HIT

Today’s hit is a bit of research a friend passed to me about social networking from Brian Solis.

http://www.briansolis.com/2011/10/social-medias-impending-flood-of-customer-unlikes-and-unfollows/?utm_source=feedburner&utm_medium=email&utm_campaign=Feed%3A+briansolis+%28Brian+Solis%29

It strikes me the Social Networking bubble may be reaching its popping stage for commercial use. This blog by new media guru Brian Solis reveals the emerging limitations to the “click on like” “become our friend” culture of most social networks that means organisations may be getting far less benefit than they hoped.

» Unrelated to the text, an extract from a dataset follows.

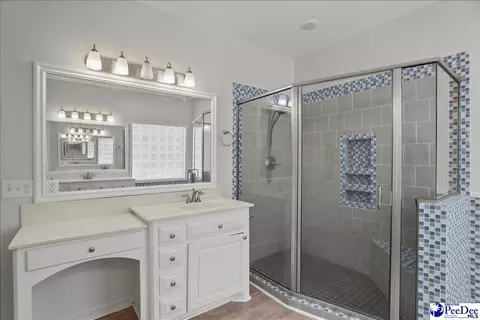 Bath - 2840 Liberty Dr, Florence, SC 29501 photo 3 of 7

But should we be surprised?

Another top guy from the new media world, Paul Adams of Google published this slidshare presentation a few months back.

http://www.slideshare.net/padday/the-real-life-social-network-v2#

As someone who has always advocated the importance of keeping people at the centre of our thinking when we try to communicate on behalf of organisations, this really struck a chord with me.

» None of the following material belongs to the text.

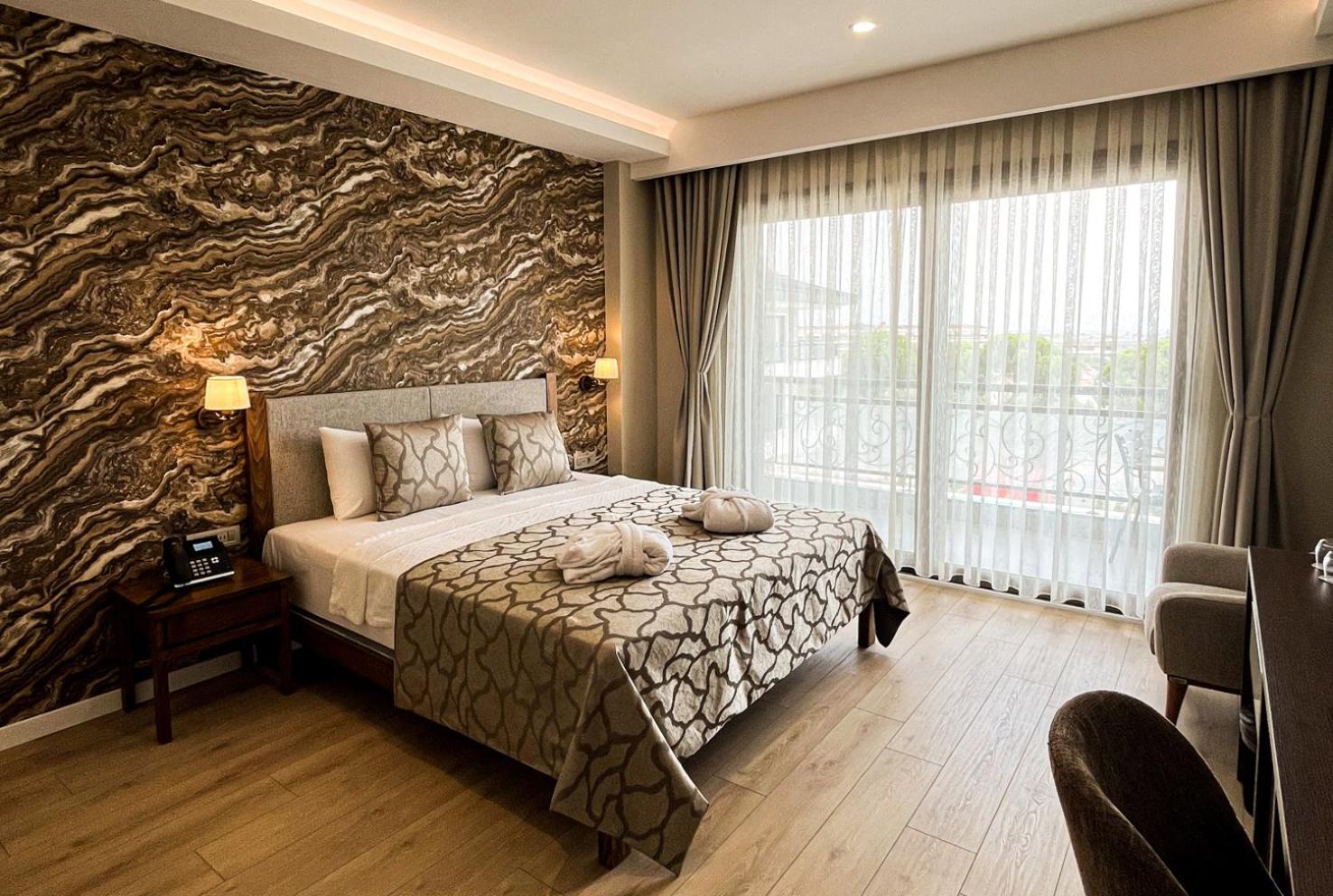 Double Room with Balcony and Sea View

He states “New technology doesnʼt change how our brains work. Social networks are not new. For thousands of years, people have formed into groups, built strong and weak relationships with others, formed allegiances, and spread rumor and gossip.
The emergence of the social web is simply our online world catching up with our offline world. As technology changes the tools we use to communicate, we still use the same behavior patterns that we evolved over those thousands of years.”

What I take from both of these pieces of comment is; focus on the people you want to engage with, before you focus on the means of engagement and the technology you can employ.

We’re always guilty in PR, marketing and advertising of fetishising technology, we’re drawn to the new and shiny gizmos of communication when what we should first consider are human factors that are many millenia old.